## WHAT THE TASK ASKS
Each entry has to be copied exactly, with nothing missed.

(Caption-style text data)
+++++

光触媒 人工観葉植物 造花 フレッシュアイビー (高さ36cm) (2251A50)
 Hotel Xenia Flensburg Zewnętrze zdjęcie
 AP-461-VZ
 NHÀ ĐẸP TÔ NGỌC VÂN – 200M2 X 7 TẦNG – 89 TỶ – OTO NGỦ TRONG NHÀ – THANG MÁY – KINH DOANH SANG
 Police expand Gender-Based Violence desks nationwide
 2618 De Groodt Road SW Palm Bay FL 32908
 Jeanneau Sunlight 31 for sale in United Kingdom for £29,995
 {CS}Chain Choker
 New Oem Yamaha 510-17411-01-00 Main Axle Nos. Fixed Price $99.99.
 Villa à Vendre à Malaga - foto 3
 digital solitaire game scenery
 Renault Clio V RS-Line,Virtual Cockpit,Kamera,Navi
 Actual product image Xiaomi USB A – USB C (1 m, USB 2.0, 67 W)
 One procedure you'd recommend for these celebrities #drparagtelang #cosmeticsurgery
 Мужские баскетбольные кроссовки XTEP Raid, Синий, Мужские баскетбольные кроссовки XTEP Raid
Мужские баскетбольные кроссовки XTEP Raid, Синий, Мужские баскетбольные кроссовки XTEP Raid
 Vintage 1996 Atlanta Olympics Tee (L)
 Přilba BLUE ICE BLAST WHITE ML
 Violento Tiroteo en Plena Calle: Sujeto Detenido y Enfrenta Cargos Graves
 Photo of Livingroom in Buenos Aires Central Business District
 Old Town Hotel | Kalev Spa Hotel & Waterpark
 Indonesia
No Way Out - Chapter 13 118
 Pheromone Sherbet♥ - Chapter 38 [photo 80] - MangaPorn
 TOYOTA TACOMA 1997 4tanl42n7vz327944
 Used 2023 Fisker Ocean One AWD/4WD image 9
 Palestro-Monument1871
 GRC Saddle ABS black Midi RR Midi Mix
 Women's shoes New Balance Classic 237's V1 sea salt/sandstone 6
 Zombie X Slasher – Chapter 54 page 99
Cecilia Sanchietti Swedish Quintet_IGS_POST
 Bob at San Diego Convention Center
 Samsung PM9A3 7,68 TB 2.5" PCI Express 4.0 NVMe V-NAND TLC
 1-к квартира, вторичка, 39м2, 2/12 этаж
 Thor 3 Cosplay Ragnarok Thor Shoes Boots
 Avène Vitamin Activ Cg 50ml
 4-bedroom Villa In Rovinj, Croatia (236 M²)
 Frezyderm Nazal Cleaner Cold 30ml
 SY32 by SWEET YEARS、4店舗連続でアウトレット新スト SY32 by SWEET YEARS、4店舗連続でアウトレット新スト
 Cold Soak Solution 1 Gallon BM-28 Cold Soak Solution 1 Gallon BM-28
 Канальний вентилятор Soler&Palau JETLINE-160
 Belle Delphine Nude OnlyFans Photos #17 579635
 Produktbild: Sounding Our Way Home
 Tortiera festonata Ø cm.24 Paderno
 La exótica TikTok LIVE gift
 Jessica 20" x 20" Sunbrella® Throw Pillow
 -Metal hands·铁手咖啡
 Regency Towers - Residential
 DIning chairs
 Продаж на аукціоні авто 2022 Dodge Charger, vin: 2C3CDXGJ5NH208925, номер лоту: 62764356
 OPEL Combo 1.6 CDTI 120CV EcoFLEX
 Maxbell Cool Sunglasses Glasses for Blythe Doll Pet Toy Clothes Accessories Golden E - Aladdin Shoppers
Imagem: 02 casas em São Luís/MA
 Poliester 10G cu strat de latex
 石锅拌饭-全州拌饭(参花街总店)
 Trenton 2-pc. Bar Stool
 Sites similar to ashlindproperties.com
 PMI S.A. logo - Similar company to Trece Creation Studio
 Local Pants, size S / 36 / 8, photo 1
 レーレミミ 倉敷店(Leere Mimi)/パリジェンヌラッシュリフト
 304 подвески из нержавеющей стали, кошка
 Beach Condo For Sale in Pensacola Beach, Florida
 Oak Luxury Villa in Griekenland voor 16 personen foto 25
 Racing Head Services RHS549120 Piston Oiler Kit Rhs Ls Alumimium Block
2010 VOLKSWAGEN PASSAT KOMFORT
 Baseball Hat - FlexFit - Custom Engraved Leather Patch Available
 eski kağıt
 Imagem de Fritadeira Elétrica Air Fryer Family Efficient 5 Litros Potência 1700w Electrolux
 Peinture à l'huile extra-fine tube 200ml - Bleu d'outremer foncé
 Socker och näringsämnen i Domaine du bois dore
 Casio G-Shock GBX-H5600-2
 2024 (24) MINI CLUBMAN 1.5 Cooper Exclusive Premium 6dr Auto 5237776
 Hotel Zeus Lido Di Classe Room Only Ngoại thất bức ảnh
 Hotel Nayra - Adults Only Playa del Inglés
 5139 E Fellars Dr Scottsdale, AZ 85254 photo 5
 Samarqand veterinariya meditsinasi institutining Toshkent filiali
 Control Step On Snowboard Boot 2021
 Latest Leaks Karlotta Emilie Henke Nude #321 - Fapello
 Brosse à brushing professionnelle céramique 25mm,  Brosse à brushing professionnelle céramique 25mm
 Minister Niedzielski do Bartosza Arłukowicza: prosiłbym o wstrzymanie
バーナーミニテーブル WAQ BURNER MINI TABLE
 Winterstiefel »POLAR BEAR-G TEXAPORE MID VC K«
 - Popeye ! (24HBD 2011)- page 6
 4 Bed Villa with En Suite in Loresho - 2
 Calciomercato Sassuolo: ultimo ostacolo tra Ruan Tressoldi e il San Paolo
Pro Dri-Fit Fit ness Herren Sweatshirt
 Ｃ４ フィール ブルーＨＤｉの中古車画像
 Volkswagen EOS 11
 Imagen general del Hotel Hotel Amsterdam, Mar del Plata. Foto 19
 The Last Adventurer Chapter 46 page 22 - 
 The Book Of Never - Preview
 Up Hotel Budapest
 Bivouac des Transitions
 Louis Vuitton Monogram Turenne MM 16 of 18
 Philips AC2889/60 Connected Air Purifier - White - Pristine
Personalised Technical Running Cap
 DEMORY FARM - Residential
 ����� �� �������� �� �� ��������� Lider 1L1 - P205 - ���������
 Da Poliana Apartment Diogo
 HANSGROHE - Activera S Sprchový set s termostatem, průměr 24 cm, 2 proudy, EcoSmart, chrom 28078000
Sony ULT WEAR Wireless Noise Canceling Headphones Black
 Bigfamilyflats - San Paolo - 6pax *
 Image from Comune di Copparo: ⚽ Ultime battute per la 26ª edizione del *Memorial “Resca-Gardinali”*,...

+++++

## SOLUTION
光触媒 人工観葉植物 造花 フレッシュアイビー (高さ36cm) (2251A50)
 Hotel Xenia Flensburg Zewnętrze zdjęcie
 AP-461-VZ
 NHÀ ĐẸP TÔ NGỌC VÂN – 200M2 X 7 TẦNG – 89 TỶ – OTO NGỦ TRONG NHÀ – THANG MÁY – KINH DOANH SANG
 Police expand Gender-Based Violence desks nationwide
 2618 De Groodt Road SW Palm Bay FL 32908
 Jeanneau Sunlight 31 for sale in United Kingdom for £29,995
 {CS}Chain Choker
 New Oem Yamaha 510-17411-01-00 Main Axle Nos. Fixed Price $99.99.
 Villa à Vendre à Malaga - foto 3
 digital solitaire game scenery
 Renault Clio V RS-Line,Virtual Cockpit,Kamera,Navi
 Actual product image Xiaomi USB A – USB C (1 m, USB 2.0, 67 W)
 One procedure you'd recommend for these celebrities #drparagtelang #cosmeticsurgery
 Мужские баскетбольные кроссовки XTEP Raid, Синий, Мужские баскетбольные кроссовки XTEP Raid
Мужские баскетбольные кроссовки XTEP Raid, Синий, Мужские баскетбольные кроссовки XTEP Raid
 Vintage 1996 Atlanta Olympics Tee (L)
 Přilba BLUE ICE BLAST WHITE ML
 Violento Tiroteo en Plena Calle: Sujeto Detenido y Enfrenta Cargos Graves
 Photo of Livingroom in Buenos Aires Central Business District
 Old Town Hotel | Kalev Spa Hotel & Waterpark
 Indonesia
No Way Out - Chapter 13 118
 Pheromone Sherbet♥ - Chapter 38 [photo 80] - MangaPorn
 TOYOTA TACOMA 1997 4tanl42n7vz327944
 Used 2023 Fisker Ocean One AWD/4WD image 9
 Palestro-Monument1871
 GRC Saddle ABS black Midi RR Midi Mix
 Women's shoes New Balance Classic 237's V1 sea salt/sandstone 6
 Zombie X Slasher – Chapter 54 page 99
Cecilia Sanchietti Swedish Quintet_IGS_POST
 Bob at San Diego Convention Center
 Samsung PM9A3 7,68 TB 2.5" PCI Express 4.0 NVMe V-NAND TLC
 1-к квартира, вторичка, 39м2, 2/12 этаж
 Thor 3 Cosplay Ragnarok Thor Shoes Boots
 Avène Vitamin Activ Cg 50ml
 4-bedroom Villa In Rovinj, Croatia (236 M²)
 Frezyderm Nazal Cleaner Cold 30ml
 SY32 by SWEET YEARS、4店舗連続でアウトレット新スト SY32 by SWEET YEARS、4店舗連続でアウトレット新スト
 Cold Soak Solution 1 Gallon BM-28 Cold Soak Solution 1 Gallon BM-28
 Канальний вентилятор Soler&Palau JETLINE-160
 Belle Delphine Nude OnlyFans Photos #17 579635
 Produktbild: Sounding Our Way Home
 Tortiera festonata Ø cm.24 Paderno
 La exótica TikTok LIVE gift
 Jessica 20" x 20" Sunbrella® Throw Pillow
 -Metal hands·铁手咖啡
 Regency Towers - Residential
 DIning chairs
 Продаж на аукціоні авто 2022 Dodge Charger, vin: 2C3CDXGJ5NH208925, номер лоту: 62764356
 OPEL Combo 1.6 CDTI 120CV EcoFLEX
 Maxbell Cool Sunglasses Glasses for Blythe Doll Pet Toy Clothes Accessories Golden E - Aladdin Shoppers
Imagem: 02 casas em São Luís/MA
 Poliester 10G cu strat de latex
 石锅拌饭-全州拌饭(参花街总店)
 Trenton 2-pc. Bar Stool
 Sites similar to ashlindproperties.com
 PMI S.A. logo - Similar company to Trece Creation Studio
 Local Pants, size S / 36 / 8, photo 1
 レーレミミ 倉敷店(Leere Mimi)/パリジェンヌラッシュリフト
 304 подвески из нержавеющей стали, кошка
 Beach Condo For Sale in Pensacola Beach, Florida
 Oak Luxury Villa in Griekenland voor 16 personen foto 25
 Racing Head Services RHS549120 Piston Oiler Kit Rhs Ls Alumimium Block
2010 VOLKSWAGEN PASSAT KOMFORT
 Baseball Hat - FlexFit - Custom Engraved Leather Patch Available
 eski kağıt
 Imagem de Fritadeira Elétrica Air Fryer Family Efficient 5 Litros Potência 1700w Electrolux
 Peinture à l'huile extra-fine tube 200ml - Bleu d'outremer foncé
 Socker och näringsämnen i Domaine du bois dore
 Casio G-Shock GBX-H5600-2
 2024 (24) MINI CLUBMAN 1.5 Cooper Exclusive Premium 6dr Auto 5237776
 Hotel Zeus Lido Di Classe Room Only Ngoại thất bức ảnh
 Hotel Nayra - Adults Only Playa del Inglés
 5139 E Fellars Dr Scottsdale, AZ 85254 photo 5
 Samarqand veterinariya meditsinasi institutining Toshkent filiali
 Control Step On Snowboard Boot 2021
 Latest Leaks Karlotta Emilie Henke Nude #321 - Fapello
 Brosse à brushing professionnelle céramique 25mm,  Brosse à brushing professionnelle céramique 25mm
 Minister Niedzielski do Bartosza Arłukowicza: prosiłbym o wstrzymanie
バーナーミニテーブル WAQ BURNER MINI TABLE
 Winterstiefel »POLAR BEAR-G TEXAPORE MID VC K«
 - Popeye ! (24HBD 2011)- page 6
 4 Bed Villa with En Suite in Loresho - 2
 Calciomercato Sassuolo: ultimo ostacolo tra Ruan Tressoldi e il San Paolo
Pro Dri-Fit Fit ness Herren Sweatshirt
 Ｃ４ フィール ブルーＨＤｉの中古車画像
 Volkswagen EOS 11
 Imagen general del Hotel Hotel Amsterdam, Mar del Plata. Foto 19
 The Last Adventurer Chapter 46 page 22 - 
 The Book Of Never - Preview
 Up Hotel Budapest
 Bivouac des Transitions
 Louis Vuitton Monogram Turenne MM 16 of 18
 Philips AC2889/60 Connected Air Purifier - White - Pristine
Personalised Technical Running Cap
 DEMORY FARM - Residential
 ����� �� �������� �� �� ��������� Lider 1L1 - P205 - ���������
 Da Poliana Apartment Diogo
 HANSGROHE - Activera S Sprchový set s termostatem, průměr 24 cm, 2 proudy, EcoSmart, chrom 28078000
Sony ULT WEAR Wireless Noise Canceling Headphones Black
 Bigfamilyflats - San Paolo - 6pax *
 Image from Comune di Copparo: ⚽ Ultime battute per la 26ª edizione del *Memorial “Resca-Gardinali”*,...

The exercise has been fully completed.